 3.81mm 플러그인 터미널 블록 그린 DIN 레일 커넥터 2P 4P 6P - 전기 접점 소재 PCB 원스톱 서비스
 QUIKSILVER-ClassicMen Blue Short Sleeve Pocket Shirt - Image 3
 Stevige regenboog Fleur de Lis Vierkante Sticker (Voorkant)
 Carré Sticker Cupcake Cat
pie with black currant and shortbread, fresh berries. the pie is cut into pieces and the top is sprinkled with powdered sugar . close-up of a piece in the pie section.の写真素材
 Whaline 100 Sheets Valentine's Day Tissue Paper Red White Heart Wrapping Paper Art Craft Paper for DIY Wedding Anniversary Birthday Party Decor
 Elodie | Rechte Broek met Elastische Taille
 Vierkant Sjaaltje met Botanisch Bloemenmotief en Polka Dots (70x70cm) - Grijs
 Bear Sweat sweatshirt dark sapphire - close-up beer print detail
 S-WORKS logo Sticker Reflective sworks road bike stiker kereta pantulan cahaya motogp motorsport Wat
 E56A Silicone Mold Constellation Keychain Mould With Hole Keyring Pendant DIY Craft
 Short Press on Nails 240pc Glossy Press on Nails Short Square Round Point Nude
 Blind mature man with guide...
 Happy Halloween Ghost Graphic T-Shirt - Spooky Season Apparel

--

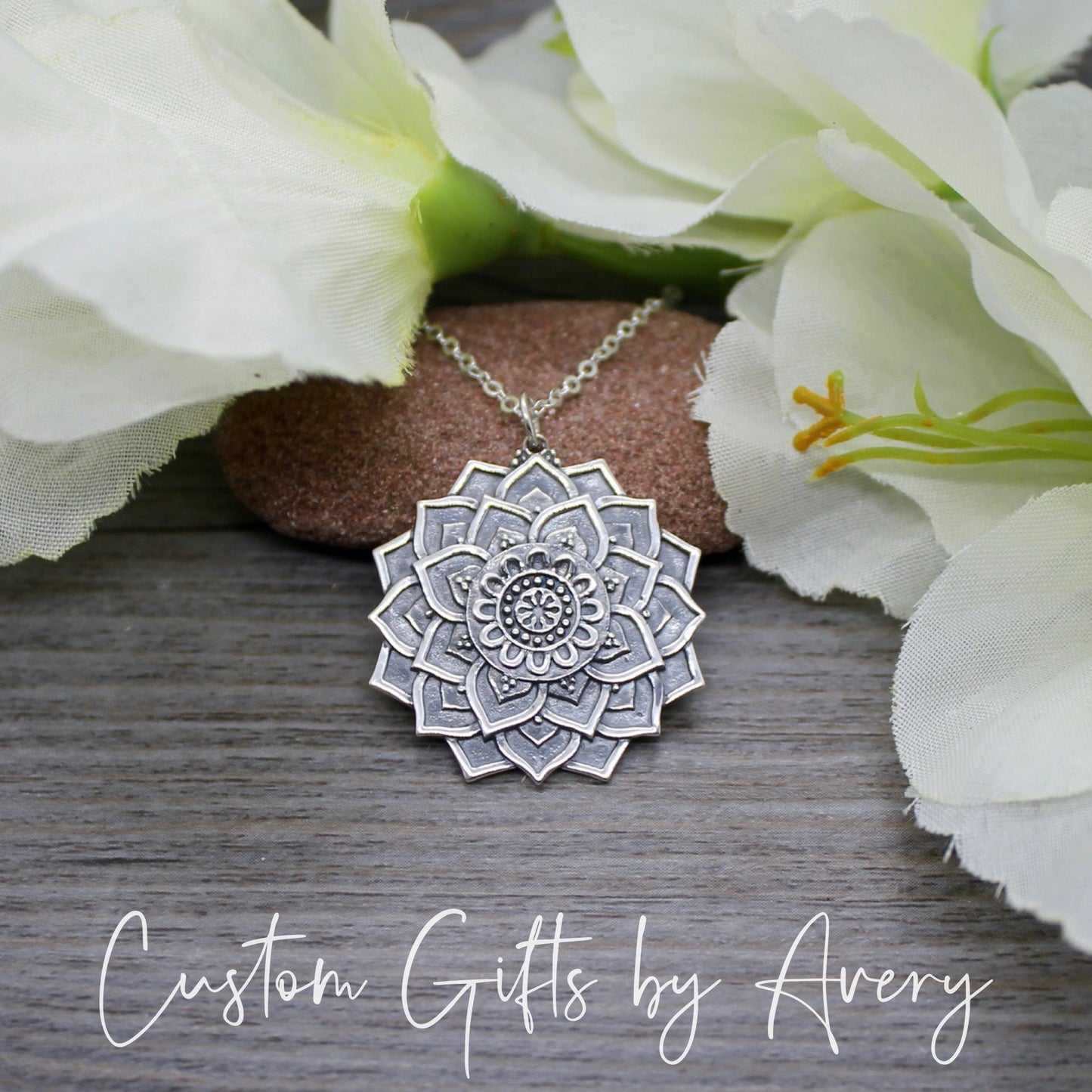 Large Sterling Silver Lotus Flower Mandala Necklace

— WHAT YOU NEED TO DO —
Please make an exact copy of the lines above from the line with "Bear Sweat sweatshirt" through the line with "Happy Halloween Ghost", both ends included.

— TASK OUTPUT —
 Bear Sweat sweatshirt dark sapphire - close-up beer print detail
 S-WORKS logo Sticker Reflective sworks road bike stiker kereta pantulan cahaya motogp motorsport Wat
 E56A Silicone Mold Constellation Keychain Mould With Hole Keyring Pendant DIY Craft
 Short Press on Nails 240pc Glossy Press on Nails Short Square Round Point Nude
 Blind mature man with guide...
 Happy Halloween Ghost Graphic T-Shirt - Spooky Season Apparel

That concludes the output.